Avon rolled his eyes in disgust. He’d always believed that college was one big-ass hustle, anyway.
“There is always the military or some police force somewhere.” Ms. Bender laid her hands flat on top of his file like she was offering it its last rites.
Avon rolled his eyes and hoisted his bag up off the floor in a flustered huff, affronted that Ms. Bender would even suggest a police force, especially since his father’s picture hung in memoriam in John Jay’s main building, along with those of hundreds of other fallen officers. Avon wanted to slap the shit out of the old woman, but instead he stomped out of the office without looking back.
He left with a heavy mind, recounting his mother’s words from earlier that morning. “The house is in threat of foreclosure.” Preoccupied with thoughts of his future, he nearly ran headfirst into the same DEA recruiter.
“Hey, my brother, just stop by for a half a minute. Trust
me, this career ain’t like regular police work. You’re not going to be walking a beat and running down crackheads. It’s one of the only government careers where you can make six figures in five short years,” the recruiter spouted.
Avon turned his full attention to the eager recruiter. The man had said the magic words.
When Avon returned home that day, he told his mother of his intention to join the DEA as a special agent. She was visibly shaken and upset and pleaded with him to reconsider. And Avon explained to her that it wouldn’t be like the narcotics unit where his father worked.
But that wasn’t entirely the truth. Avon had omitted to tell his mother that he would be going undercover, conducting buy-and-busts, and rubbing elbows with dangerous drug dealers, to spare her the worry.
Avon completed his training and graduated, for the first time in his life, at the top of his class. His career began rather successfully. He was living the life, cracking drug cases like a pro. Within his first two years as an agent, he had won several prestigious awards and was viewed in his field office as a “golden boy.”
Avon’s career took a turn for the worse, however, when, during a drug raid on the home of a well-known drug dealer, he accidentally shot a fifteen-year-old boy.

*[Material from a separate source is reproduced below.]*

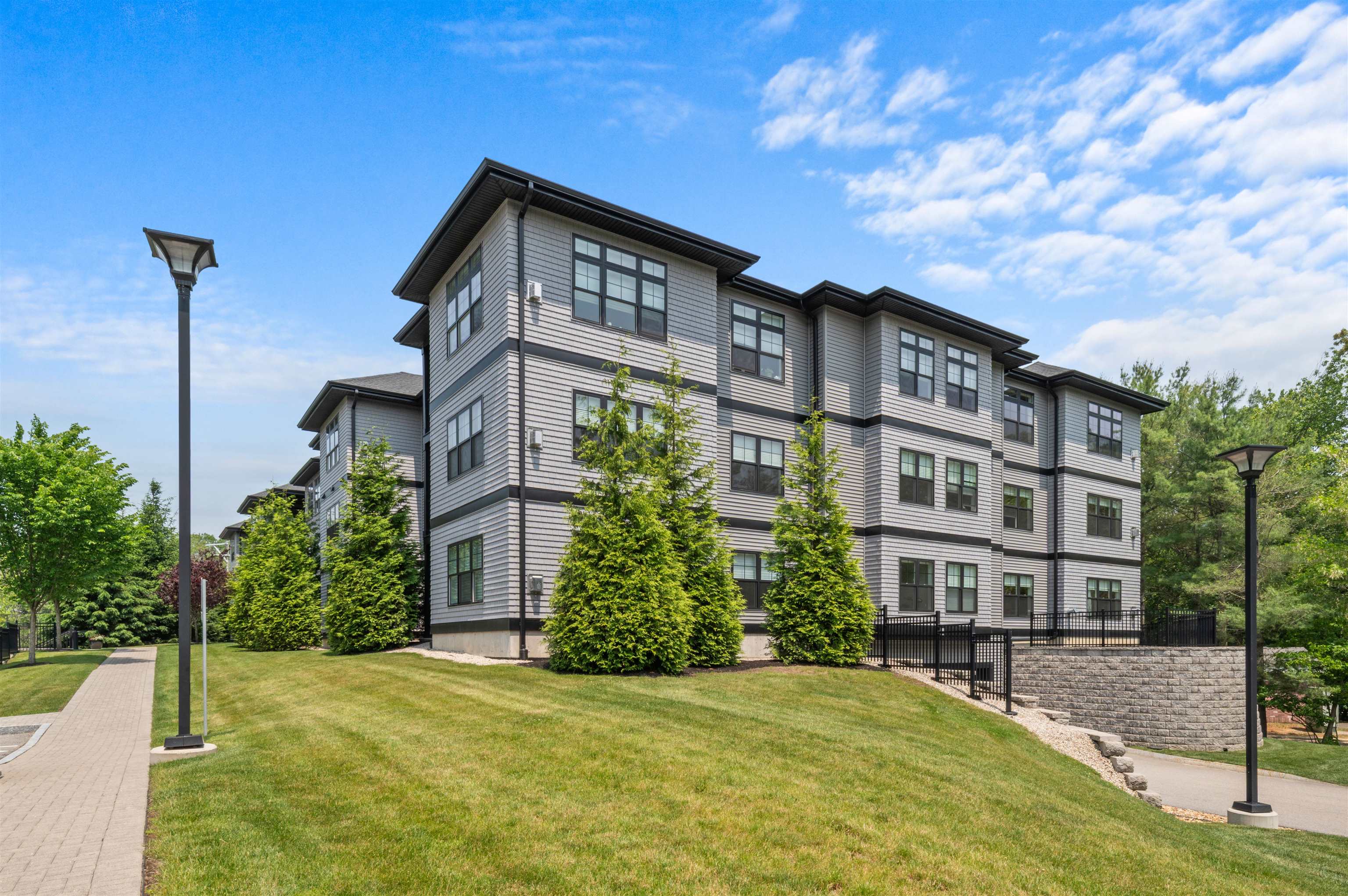 2075 Lafayette Road A27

Unfortunately, the DEA’s confidential informant had provided the wrong address.
When Avon’s unit rammed the door of the home and entered tactically, there was a lot of screaming and running. As they worked to clear the house, he and Brad Brubaker searched the back rooms to make sure everyone was accounted for. In one of the bedrooms, Avon could hear someone breathing hard in the closet.
Brubaker put his fingers to his lips to indicate silence, and the two approached the closet on deft feet. Brubaker pulled back the closet door for Avon to clear, and a young boy jumped out with a black crowbar raised in his hand.
Avon, in knee-jerk reaction, overreacted and let off a single shot. The boy died later that day at the hospital. There was a huge public fallout. Everyone in the city wanted Avon’s head on a platter; firing him wasn’t going to be enough. Avon was ultimately vindicated of any wrongdoing because he was able to articulate his perceived threat—the boy could’ve just as easily had a gun—but his name was forever tarnished by the incident.